Monday, 18 May 2015


See you again! I’m Ying.

After we talked about advantages of digital movies in the last few days, of course, now we will go through the weaknesses of digital movies. 
 

In the hypothetical, resolution of 35 mm film is better than that of 2K digital movies. 2K resolution (2048×1080) is only insignificantly over than that of consumer based 1080p HD (1920x1080). Nevertheless, as digital post-production techniques developed the standard in the early 2000s, the most of movies, whether photographed digitally or on 35 mm film, have been controlled and ran at the 2K resolution. Furthermore, 4K post production is come to be more popular.  Since projectors are substituted with 4K models, the change in resolution between digital and 35 mm film becomes tiny.

 
In addition, digital movies need more bandwidth to support over domestic 'HD' which is what makes the change in quality. For example, Blu-ray color encoding 4:2:0 48MB/S MAX data rate, DCI D-Cinema 4:4:4 250MB/S 2D/3D, 500MB/S HFR3D. Therefore, each pixel has greater detail per frame.

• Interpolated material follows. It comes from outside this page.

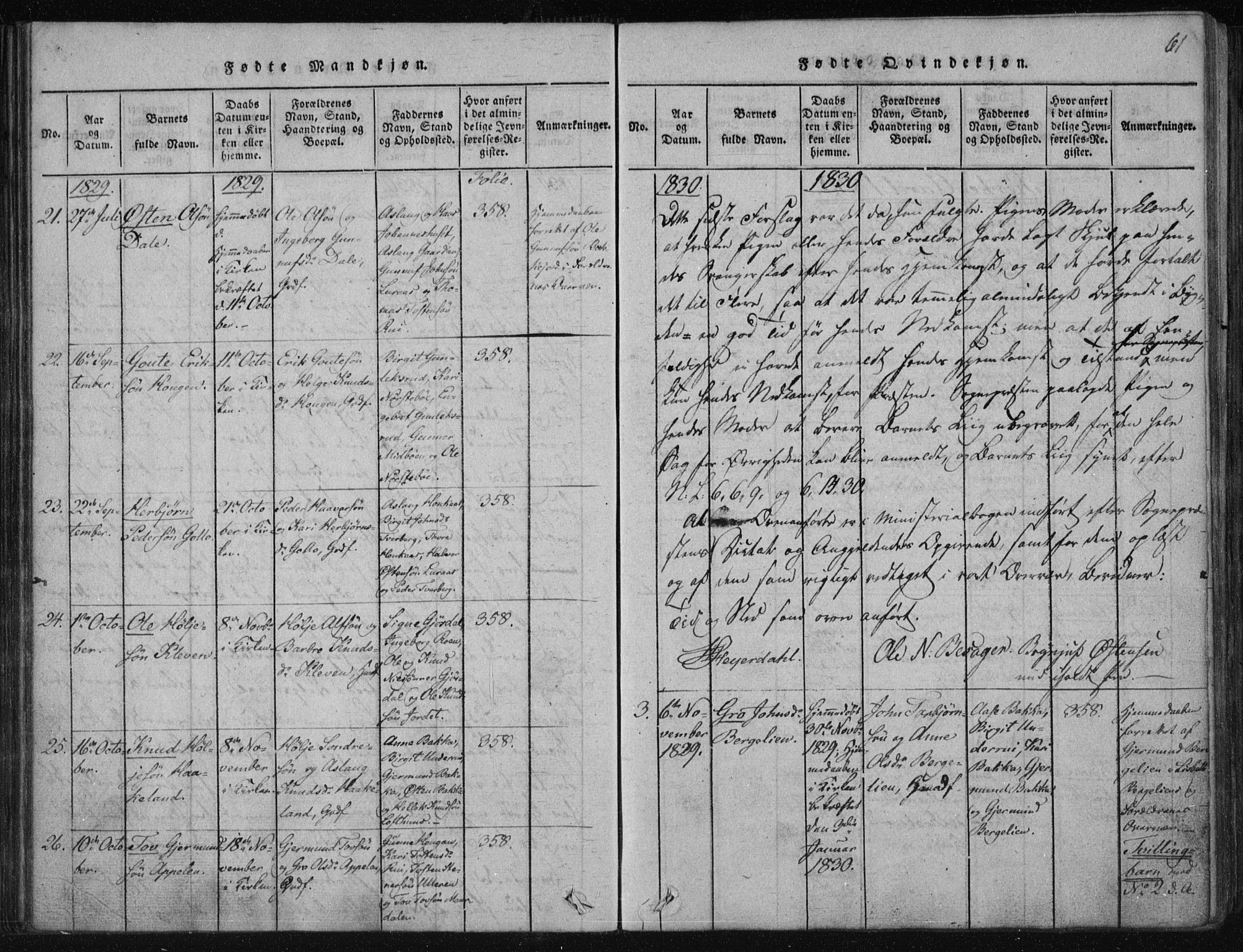 Tinn kirkebøker, AV/SAKO-A-308/F/Fa/L0004: Ministerialbok nr. I 4, 1815-1843, s. 60b-61a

On the other hand, the initial costs for converting theatres to digital are quit high: $100,000 per screen, on average. Theatres are unwilling to change without a cost-sharing arrangement with film distributors. A solution is a temporary Virtual Print Fee system, where the distributor (who saves the money of producing and transporting a film print) pays a fee per copy to help finance the digital systems of the theatres.